Figure 7 |. The Therapeutic Effect of the Triple Combination is Associated with PMN-MDSC Reduction.

a, Tumor growth and survival curves of mice from isotype vs. anti-CXCR2 treatment groups (green vs. blue, respectively; n=10 biologically-independent animals per group, 2 independent experiments). b, Tumor growth and survival curves of mice from isotype (n=11) and anti-CTLA4 (n=5) vs. anti-CXCR2 + anti-CTLA4 (n=4) treatment groups (green p=0.0201 and orange p=0.0014 vs. purple, respectively; 2 independent experiments). c, Tumor growth and survival curves of mice from isotype (n=6) vs. αCSF1R (n=7) treatment groups (green vs. purple, respectively; 2 independent experiments). d, PMN-MDSCs as a percentage of CD45⁺ cells in the TME of: left, mice treated with either isotype (n=8) vs. αCXCR2 peri-castration (n=5; Peri-C p=0.0034) or 7 days after castration (n=9; pADT p=0.0725), and right, mice treated with either αCTLA-4 (n=11) vs. αCTLA-4 + αCXCR2 (n=8; p=0.0221). e, TAMs as a percentage of CD45⁺ cells in the TME of indicated treatment groups (n=5 isotype and n=7 anti-CSF1R tumors per group). f, Memory CD4 T cells as a percentage of CD45⁺CD4⁺ T cells in the tumor (p=0.0001 isotype vs anti-CXCR2+ anti-CTLA4 in tumor infiltrating lymphocytes: TILs) and tumor-draining lymph node (p=0.0234 isotype vs anti-CXCR2 + anti-CTLA4 in TDLN) of indicated treatment groups (n=5 isotype, n=10 anti-CXCR2, n=9 anti-CTLA4, and n=9 anti-CXCR2 + anti-CTLA4 tumors per group, repeated x2). g, Memory CD8 T cells as a percentage of CD45⁺CD8⁺ TILs and TDLN of indicated treatment groups, p=0.0004 and p=0.0084 isotype vs anti-CXCR2+ anti-CTLA4 in TIL and TDLN respectively, replicates as in f. h, Representative plot of memory CD8⁺ TILs and TDLN of indicated treatment groups (repeated x2).

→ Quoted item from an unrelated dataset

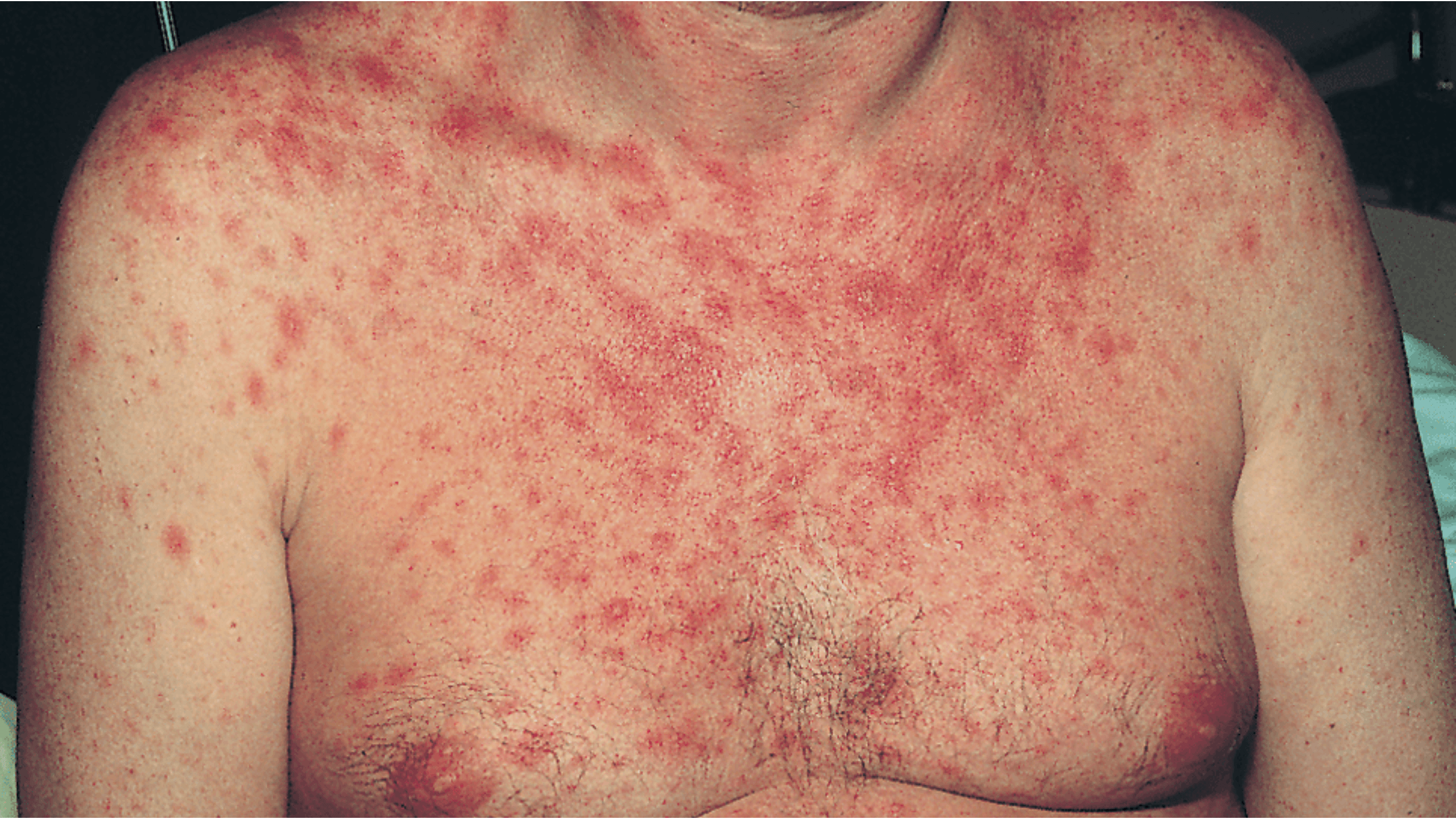 HIV upper Body Rash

For a-c, treatment started when tumor volumes reached 400mm³. For d-h, treatment started when tumor volumes reached 200mm³. Average tumor volume (with SEM) for each experimental group. Log-rank (Mantel-Cox) test was used for survival analysis. Flow cytometry as in materials and methods. Tukey’s multiple comparisons test with a single pooled variance was performed for PMN-MDSC depletion experiment. Bar plots represent means with SEM. Unpaired two-tailed (d-g) t-tests were performed, p-values ≤ 0.0001 (****); p-values ≥ 0.05 (ns).